Juchem: Ehrlich gesagt bin ich ihm selber bisher wenig persönlich begegnet. Er wirkt stets freundlich, mitunter leicht verschmitzt, aber immer diskret – nie jovial. Nicht nur wegen seiner leisen Stimme tritt er sehr unaufdringlich auf. Wenn man ihn anspricht, wendet er sich nicht brüsk ab, hat – als guter Diplomat – ein paar freundliche Worte und wendet sich dann weiter. Er ist sicher loyal zum Papst, wenn auch kein lautstarker Franziskus-Fan wie andere. Das passte weder zu seinem Amt noch zu seiner Persönlichkeit.

Pietro Parolin, Albert II. von Monaco und Charlène Wittstock
Pietro Parolin, Albert II. von Monaco und Charlène Wittstock

Manche sehen Kardinal Parolin als papabile. Sie auch?

Juchem: Auf einer Liste möglicher Papst-Kandidaten muss man ihn sicher nennen. Persönlich sehe ich ihn nicht ganz vorne.
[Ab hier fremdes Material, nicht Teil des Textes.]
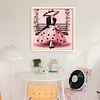Pink Polka Dot Lady Full 11CT DIY Stamped Needlework Embroidery Kit 15.75x15.75inch Embroidery Needlepoint Starter Kits Cross Stitch Art and Crafts Kits for Beginners Adults Home Decor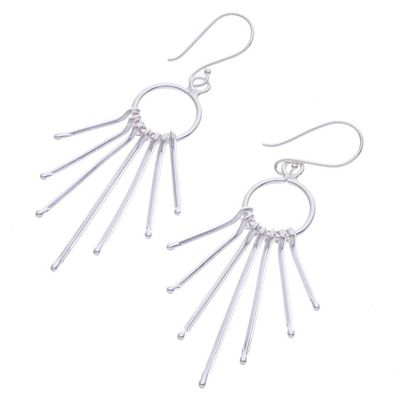 Alternate image for Karen Silver Waterfall Earrings with Rings from Thailand Bright Cascade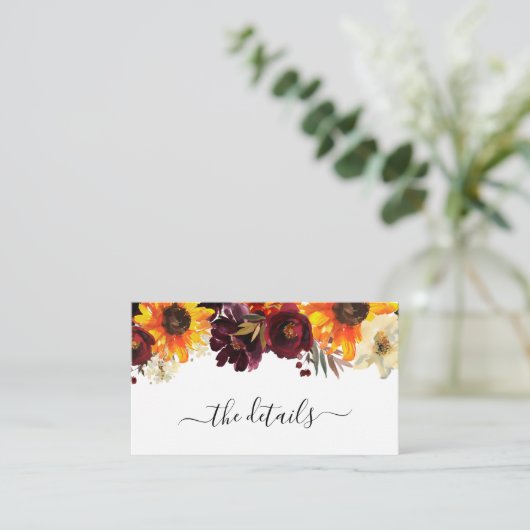 Nadere informatie over het Sunflower Burgundy Roos Informatiekaartje (Staand voorkant)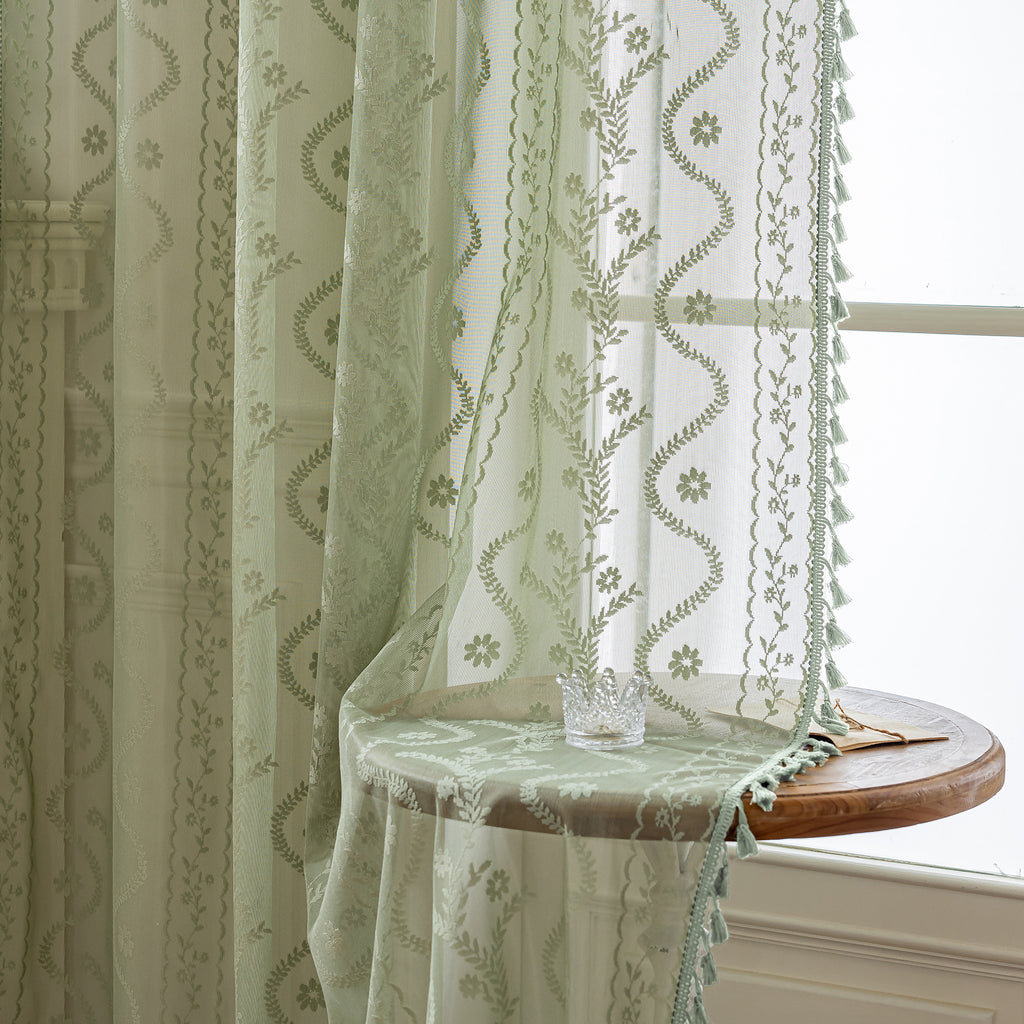 Sage Boho Lace Sheer Curtain Panel with Tassel Trim – Light-Filtering Window Drape for Living Room & Bedroom(2 Panels)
Zwar wird das Kardinalskollegium nach Franziskus wohl ein ruhigeres Pontifikat befürworten. Aber Parolin als Papst? Dafür fehlt ihm meines Erachtens Charisma. Auch wenn man bei Benedikt XVI. gesehen hat: Als Papst ist Joseph Ratzinger anders als vorher in seiner Aufgabe als Präfekt der Glaubenskongregation.

«Als Diplomat weiss Kardinal Parolin Umgangsformen und Höflichkeit zu schätzen.»
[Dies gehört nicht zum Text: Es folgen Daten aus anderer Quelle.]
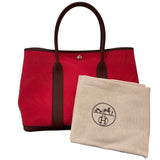エルメス HERMES ガーデンパーティPM A刻印 ルージュセリエ・フランボワーズ/SV トワル ユニセックス トートバッグ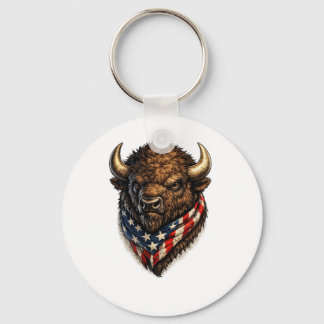 Amerikaanse Patriottische Bizonkop Grafiek Sleutelhanger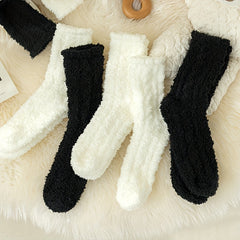6 Pairs Fuzzy Socks Warm Mid Tube Stockings Women's Hosiery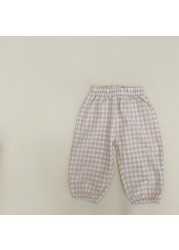 MILANCEL 2022 summer kids plaid pants casual pants boys and girls thin pants ninth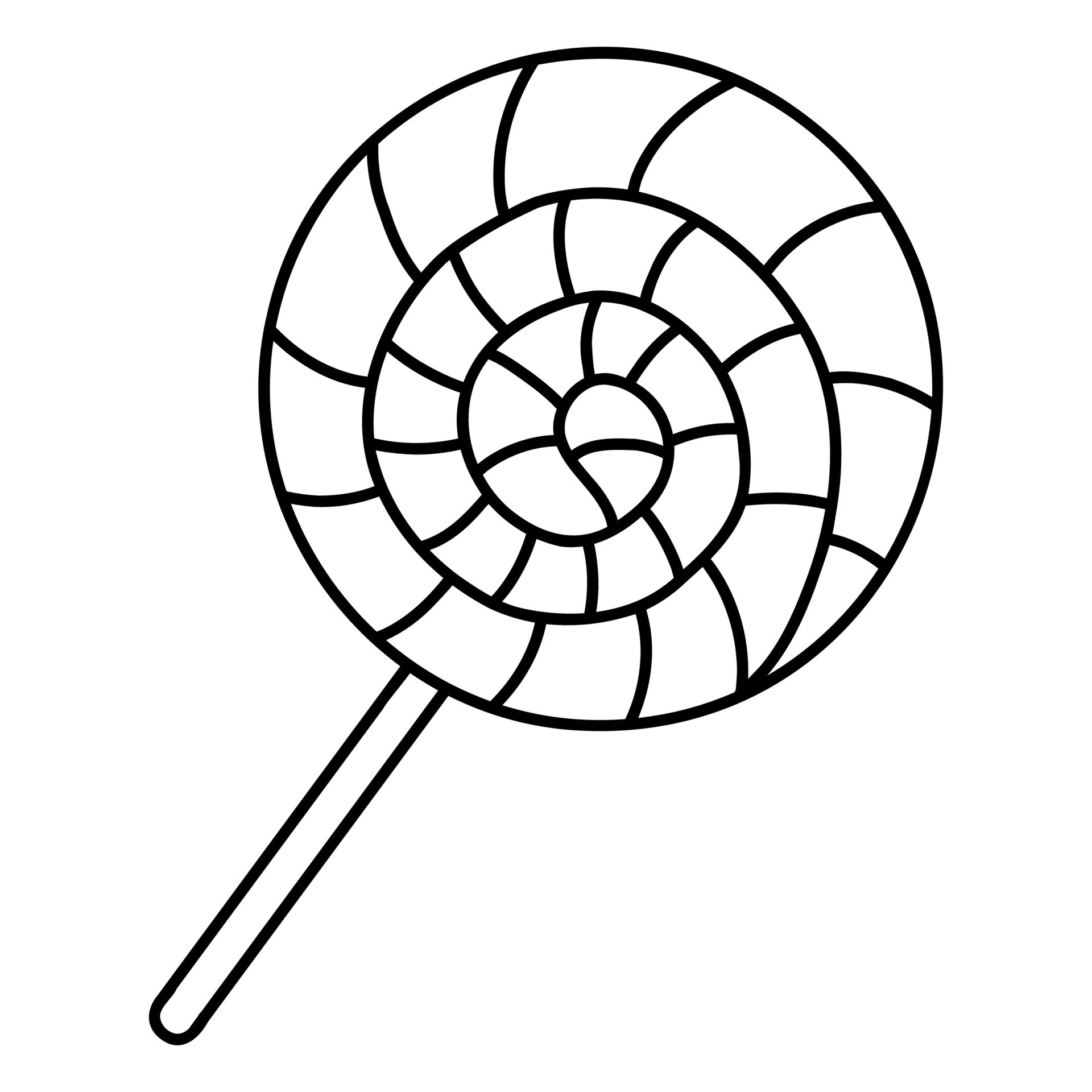 Doodle lollipop. Cartoon element, vector sketch illustration, black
Kardinal Parolin wird am Sonntag in Einsiedeln einem Pontifikalamt vorstehen und privat zu Bruder Klaus in den Ranft pilgern. Die Medien respektieren das – aber falls andere Pilger ihn zufällig vor Ort antreffen: Dürfen sie ihn ansprechen?

Juchem: Ich glaube nicht, dass Parolin von Security abgeschirmt wird. Die Schweizergarde ist ja nur für den Papst zuständig – und bei Sedisvakanz für das Kardinalskollegium. Man wird den Kardinal sicher ansprechen können, vielleicht auch nach einem Gottesdienst. Vorausgesetzt, es bietet sich eine Gelegenheit und man verhält sich unaufdringlich. Als Diplomat weiss Kardinal Parolin Umgangsformen und Höflichkeit zu schätzen.

* Roland Juchem (60) ist Büroleiter des CIC in Rom. Das CIC steht für das «Centrum Informationis Catholicum», das gemeinsam von der Katholischen Nachrichten-Agentur (KNA), der österreichischen Kathpress und kath.ch betrieben wird.

China, Kurienreform und noch viel mehr

Pietro Parolin (66) stammt aus der italienischen Region Venetien. Vor seinem Job als Kardinalstaatssekretär war er Botschafter des Heiligen Stuhls in Venezuela.

Parolin gilt als Schlüsselfigur bei der Durchsetzung der Kurienreform von Papst Franziskus. In der Corona-Krise gewann er als Vertreter des Kirchenoberhaupts bei mehreren wichtigen Auslandsreisen zusätzlich an Profil.

Umstritten ist seine China-Politik: Parolin gilt als Architekt des 2018 geschlossenen und 2020 verlängerten Abkommens zur Ernennung von Bischöfen. Kritiker sehen in der Vereinbarung mit dem kommunistischen Regime einen Verrat an den romtreuen Katholiken, die jahrzehntelang im Untergrund Widerstand gegen die chinesische Unterdrückung geleistet haben.

Wegen seiner ausgleichenden und um Dialog bemühten Arbeitsweise wird Parolin sowohl von konservativen als auch von progressiveren Katholiken geschätzt. Ende 2020 musste er sich in Rom einer Prostata-Operation unterziehen, von der er sich inzwischen aber vollständig erholt hat. (cic)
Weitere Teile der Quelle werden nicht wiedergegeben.